§ Work required
Among the entries below, which lines run from the line with "Femme aux cheveux" through the line with "Giacca bianca voluminosa"? Retype those, both ends included, exactly and without pictures.

--- Records supplied Enclosed Below ---

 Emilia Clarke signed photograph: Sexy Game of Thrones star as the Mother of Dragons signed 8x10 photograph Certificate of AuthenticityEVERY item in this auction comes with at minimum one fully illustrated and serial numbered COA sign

--- End of Enclosed Records supplied ---
--- Records supplied Enclosed Below ---

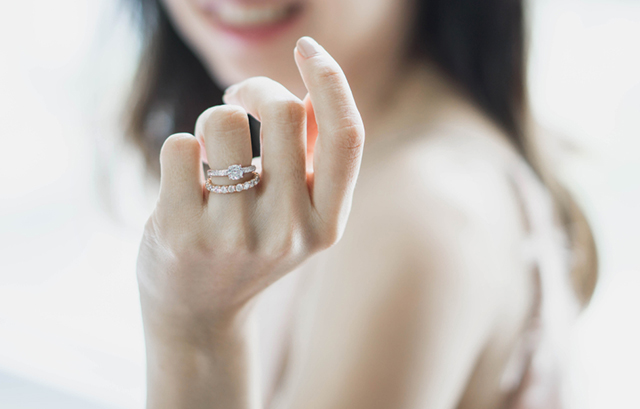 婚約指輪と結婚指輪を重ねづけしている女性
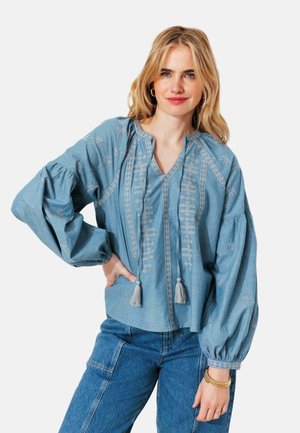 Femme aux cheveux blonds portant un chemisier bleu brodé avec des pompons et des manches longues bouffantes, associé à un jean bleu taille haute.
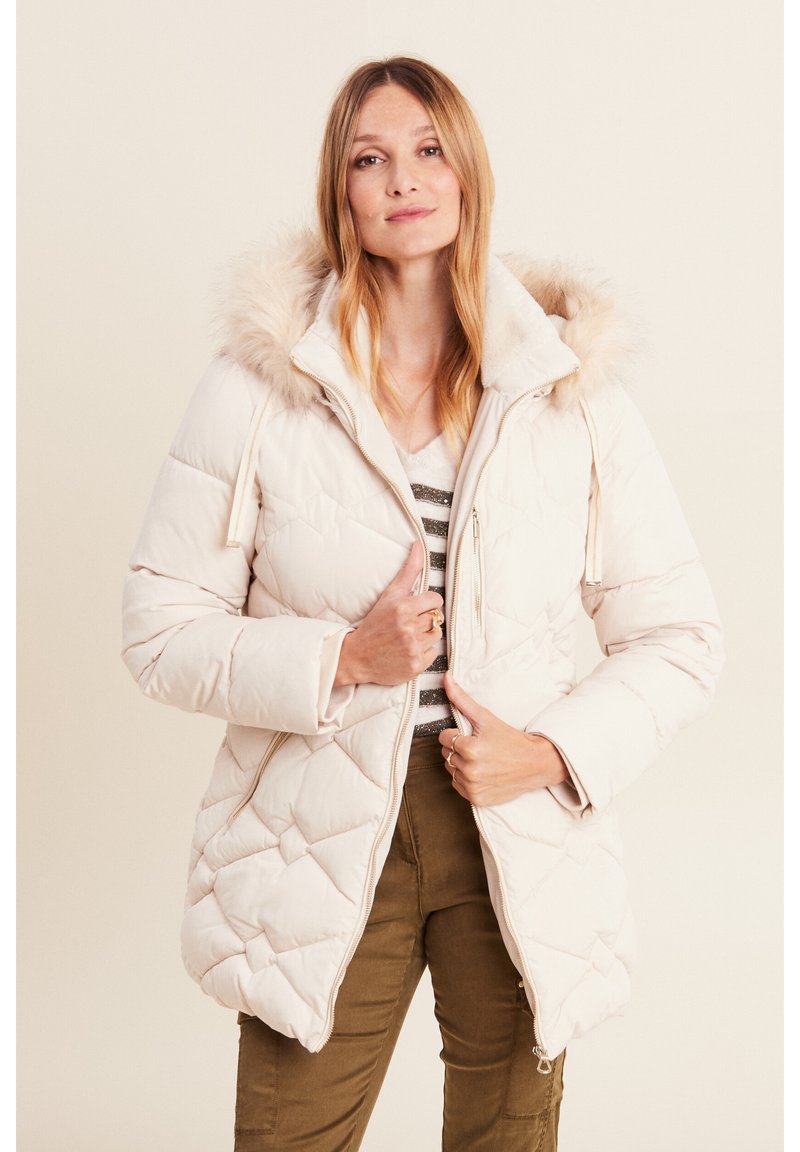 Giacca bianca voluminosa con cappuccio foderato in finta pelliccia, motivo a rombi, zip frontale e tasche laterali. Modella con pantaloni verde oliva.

--- End of Enclosed Records supplied ---
--- Records supplied Enclosed Below ---

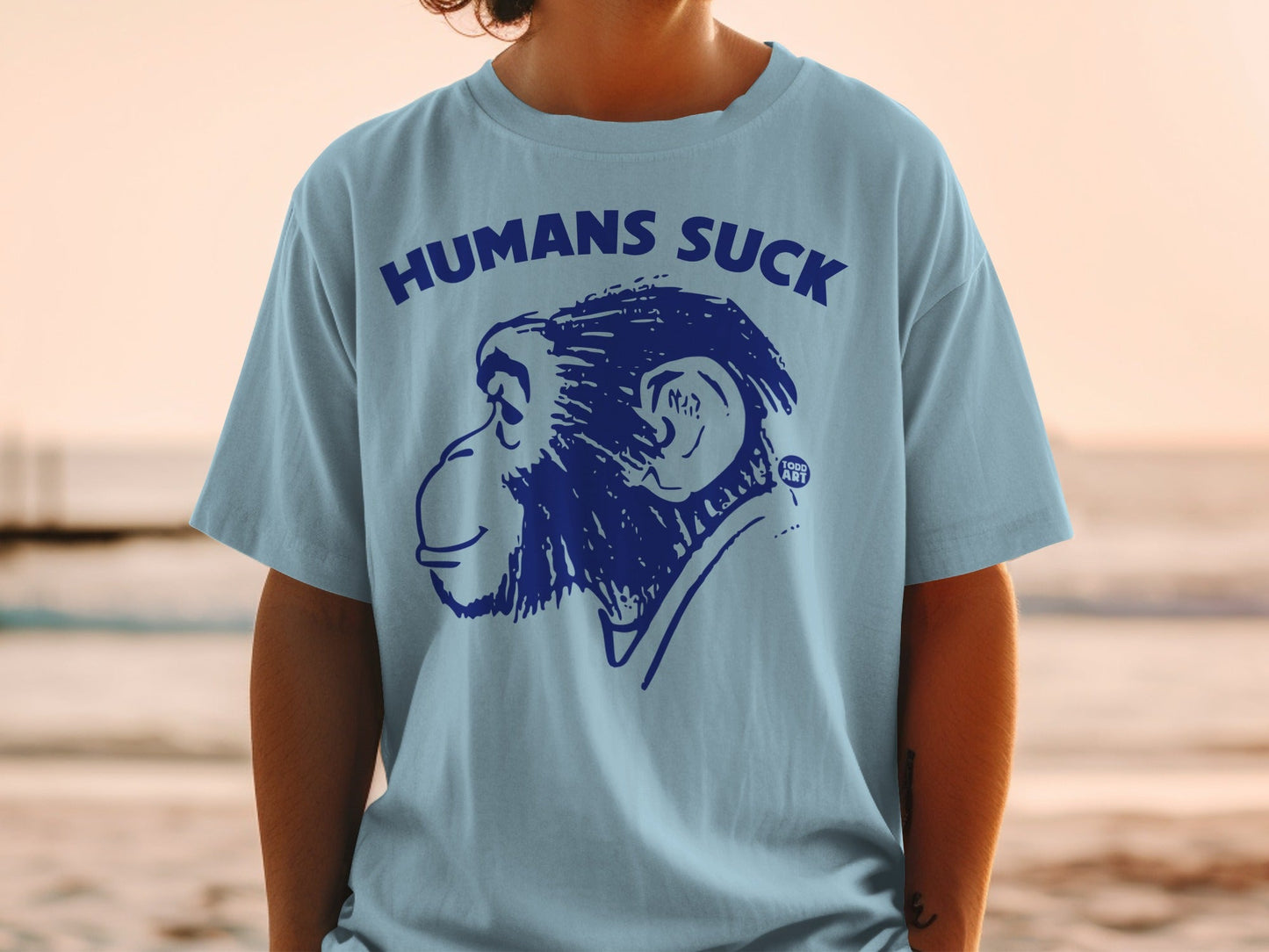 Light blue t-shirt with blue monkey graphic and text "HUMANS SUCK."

--- End of Enclosed Records supplied ---

§ Response to this task
 Femme aux cheveux blonds portant un chemisier bleu brodé avec des pompons et des manches longues bouffantes, associé à un jean bleu taille haute.
 Giacca bianca voluminosa con cappuccio foderato in finta pelliccia, motivo a rombi, zip frontale e tasche laterali. Modella con pantaloni verde oliva.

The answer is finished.